Cummings continued: “I don't see a lot of [bettors] talking about this or noticing it. And the reason is, if you bet an even-money shot to show thinking you were going to get $2.20, and [instead] got $21.20, who's complaining?”

That's an obvious example that should stand out, Cummings said. But this pattern occurs with more subtlety using smaller dollar amounts, he explained, like when a manipulator might be content not to make a single big score, but instead routinely inflate 1-to-5 shots in the show pool so they pay off like a 4-5 shot would.

And occasionally, the horse who was supposed to be a dud wins or hits the board, Cummings said. That's when bettors do speak up and complain about the pools not being on the level, because the big long shot they legitimately bet in the mutuels returns a vastly underlaid show payout.

That can lead to image and integrity problems, Cummings said.

“You do not want a bad name associated with your product. And every time someone manipulates your pool, if it's noticed, it's bad for your product,” Cummings said.

Beyond creating bad perceptions, Cummings said, rampant pool rigging could also encourage manipulators to get a bit bolder with their actions, perhaps by spending a bit extra to bribe participants to ensure desired outcomes in races.
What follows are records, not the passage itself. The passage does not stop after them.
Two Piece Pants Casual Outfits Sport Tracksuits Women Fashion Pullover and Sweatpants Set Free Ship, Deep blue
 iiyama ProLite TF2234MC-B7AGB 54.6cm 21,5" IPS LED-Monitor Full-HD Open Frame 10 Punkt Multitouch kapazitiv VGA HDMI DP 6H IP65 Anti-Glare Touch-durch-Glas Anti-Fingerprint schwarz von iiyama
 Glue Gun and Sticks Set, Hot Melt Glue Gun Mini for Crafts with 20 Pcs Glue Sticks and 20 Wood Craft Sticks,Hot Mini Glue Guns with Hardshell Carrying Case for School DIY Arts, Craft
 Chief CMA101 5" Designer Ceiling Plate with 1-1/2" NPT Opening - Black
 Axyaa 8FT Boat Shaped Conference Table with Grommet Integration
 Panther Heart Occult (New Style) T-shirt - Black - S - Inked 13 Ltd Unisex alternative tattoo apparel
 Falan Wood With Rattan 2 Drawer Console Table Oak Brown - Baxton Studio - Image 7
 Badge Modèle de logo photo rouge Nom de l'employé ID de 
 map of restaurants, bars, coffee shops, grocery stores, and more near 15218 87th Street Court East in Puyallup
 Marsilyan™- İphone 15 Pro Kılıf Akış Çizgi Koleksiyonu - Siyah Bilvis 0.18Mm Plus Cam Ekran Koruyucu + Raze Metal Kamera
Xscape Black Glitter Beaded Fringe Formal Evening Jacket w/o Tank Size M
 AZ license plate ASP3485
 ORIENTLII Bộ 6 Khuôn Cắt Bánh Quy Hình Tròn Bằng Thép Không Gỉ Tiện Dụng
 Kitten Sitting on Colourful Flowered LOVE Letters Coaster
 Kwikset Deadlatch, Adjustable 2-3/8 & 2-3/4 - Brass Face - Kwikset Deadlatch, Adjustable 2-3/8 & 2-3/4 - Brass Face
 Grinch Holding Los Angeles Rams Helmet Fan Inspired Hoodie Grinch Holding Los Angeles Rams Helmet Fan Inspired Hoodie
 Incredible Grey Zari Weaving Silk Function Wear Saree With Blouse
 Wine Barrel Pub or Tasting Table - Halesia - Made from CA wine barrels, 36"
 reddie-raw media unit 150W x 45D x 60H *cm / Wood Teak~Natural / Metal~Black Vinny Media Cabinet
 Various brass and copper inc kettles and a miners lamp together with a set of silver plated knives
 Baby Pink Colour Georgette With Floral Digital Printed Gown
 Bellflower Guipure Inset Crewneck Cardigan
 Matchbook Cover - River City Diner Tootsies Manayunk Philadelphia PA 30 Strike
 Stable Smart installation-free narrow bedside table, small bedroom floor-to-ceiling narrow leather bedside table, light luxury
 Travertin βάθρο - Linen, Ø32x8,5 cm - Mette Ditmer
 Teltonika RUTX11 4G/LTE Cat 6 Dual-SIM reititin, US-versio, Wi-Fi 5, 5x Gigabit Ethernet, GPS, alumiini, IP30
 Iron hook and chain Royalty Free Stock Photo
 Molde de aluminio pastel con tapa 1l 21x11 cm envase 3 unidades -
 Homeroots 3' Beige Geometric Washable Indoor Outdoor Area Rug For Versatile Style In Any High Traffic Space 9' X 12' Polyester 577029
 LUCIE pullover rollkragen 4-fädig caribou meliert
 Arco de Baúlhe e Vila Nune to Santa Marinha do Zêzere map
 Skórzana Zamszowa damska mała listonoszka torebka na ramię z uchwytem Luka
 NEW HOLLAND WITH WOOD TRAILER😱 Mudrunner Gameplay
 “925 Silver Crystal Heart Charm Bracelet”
“If someone's willing to bet $4,500 to show in a race where the winning jockey is earning $900, what's an extra $500 to make sure they don't run in the money?” Cummings said. “Or an extra $500 to the trainer to tell the jockey to maybe be a little slow out of the gate today.”

Cummings stressed that to his knowledge, there is no current evidence that pool manipulators are reaching out to arrange fixed races.

“That's a good thing–for now. But it's out there. And it happens. And there is no reason that others might not try to copy this,” Cummings said.

Cummings explained that he's a proponent of the “best defense is a good offense” strategy to try to keep pool manipulation at bay. The industry can do this, he said, by recognizing that our pari-mutuel system is ripe for being controlled in the manner he described, and by increasing stewards' awareness and oversight so there is a better focus on pool-watching.

A fixed-odds system might be a better long-term solution. But that style of betting is not completely immune from manipulation, either, Cummings said.

Reinventing our wagering menus could be an option, Cummings said, with an eye on pruning off the low-volume pools.

“Should a track that has offered win, place and show betting for the last 60 years continue to do so when the place and the show pools only average $1,200?” he postulated.

In that case, maybe the solution is to get rid of the place and/or show pools.

The proliferation of rolling horizontal wagers on practically every race card on the continent is also a hazard waiting to happen, Cummings said, because those bets, too, draw very little mutuels action and have low base-bet increments.

“We have to rethink the way we're doing this, because every small pool is a way to manipulate the outcome, to corrupt a participant, to help exact these sorts of outcomes,” Cummings said.

Cummings said he has spoken with various groups of officials and regulators over the past year about the problem of pool manipulation.

Their reactions?

“Interested, but [there was] very little they thought they could do about this,” Cummings said.

“This falls back on track operators. It falls back on horsemen's groups,” Cummings said, pointing out that the idea of looking the other way when pool manipulation occurs is not justifiable simply because it increases handle and thus fuels purses.

“If you don't recognize it, [or] if you bury your head and say, 'I don't want to hear about it–not interested,' it's going to keep happening,” Cummings said.